La quantité d’eau nécessaire pour irriguer un champ de maïs dépendra de plusieurs facteurs, tels que le type de sol, le climat, le stade de croissance du maïs et les pratiques d’irrigation utilisées. En général, un champ de maïs classique peut consommer entre 500 et 800 millimètres d’eau par saison de croissance. C’est par exemple l’équivalent des précipitations de toute une année normale en région parisienne. C’est dire la consommation que la maïs nécessite

Pour donner un ordre de grandeur, cela signifie que pour irriguer un hectare de maïs, il faudrait en moyenne environ 500 à 800 mètres cubes d’eau, soit 500 000 à 800 000 litres d’eau. Cela équivaut à environ 2 000 à 3 200 baignoires remplies d’eau.

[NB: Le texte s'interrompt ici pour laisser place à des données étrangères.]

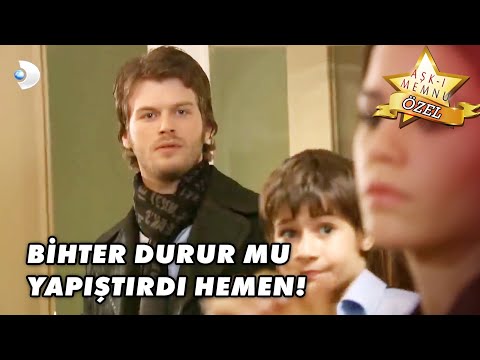 Bihter, Behlül'e Laf Sokuyor! - Aşk-ı Memnu Özel Klip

Bien évidemment, suivant la météo mais aussi l’utilisation de pratiques d’irrigation efficaces et durables, telles que l’irrigation localisée ou l’irrigation de précision qui peut être programmée à certains moments de la journée, on pourra réduire considérablement la quantité d’eau nécessaire pour cultiver des cultures, y compris le maïs.

Et pour un champ de blé ?

La quantité d’eau nécessaire pour irriguer un champ de blé dépend là encore de plusieurs facteurs évoqués plus haut pour le maïs. En général, un champ de blé classique peut consommer entre 400 et 700 millimètres d’eau par saison de croissance.

Pour donner une petite estimation et une comparaison, cela signifie que pour irriguer un hectare de blé, il faudrait en moyenne environ 400 à 700 mètres cubes d’eau, soit 400 000 à 700 000 litres d’eau. Cela équivaut à environ 1 600 à 2 800 baignoires remplies d’eau.

Cependant, comme pour le maïs, l’utilisation de pratiques d’irrigation efficaces et durables peut aider à réduire considérablement la quantité d’eau nécessaire pour cultiver du blé. Des techniques telles que l’irrigation localisée, et la culture sans labour peuvent aider à économiser de l’eau et à améliorer l’efficacité de l’irrigation. De plus, certaines variétés de blé peuvent être sélectionnées pour leur capacité à tolérer des conditions de stress hydrique, ce qui peut réduire encore davantage les besoins en eau pour la culture du blé.